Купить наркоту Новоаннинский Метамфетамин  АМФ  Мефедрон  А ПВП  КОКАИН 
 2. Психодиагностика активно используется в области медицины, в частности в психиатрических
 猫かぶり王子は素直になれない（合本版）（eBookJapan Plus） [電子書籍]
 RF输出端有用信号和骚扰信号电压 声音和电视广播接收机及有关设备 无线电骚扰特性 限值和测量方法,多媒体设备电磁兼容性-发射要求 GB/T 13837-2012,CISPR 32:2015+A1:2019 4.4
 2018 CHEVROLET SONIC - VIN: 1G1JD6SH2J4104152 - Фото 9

⁂

* _Task goal_
Repeat exactly the lines from the one containing "2. Психодиагностика активно" to the end of the records.

* _Answer section_
 2. Психодиагностика активно используется в области медицины, в частности в психиатрических
 猫かぶり王子は素直になれない（合本版）（eBookJapan Plus） [電子書籍]
 RF输出端有用信号和骚扰信号电压 声音和电视广播接收机及有关设备 无线电骚扰特性 限值和测量方法,多媒体设备电磁兼容性-发射要求 GB/T 13837-2012,CISPR 32:2015+A1:2019 4.4
 2018 CHEVROLET SONIC - VIN: 1G1JD6SH2J4104152 - Фото 9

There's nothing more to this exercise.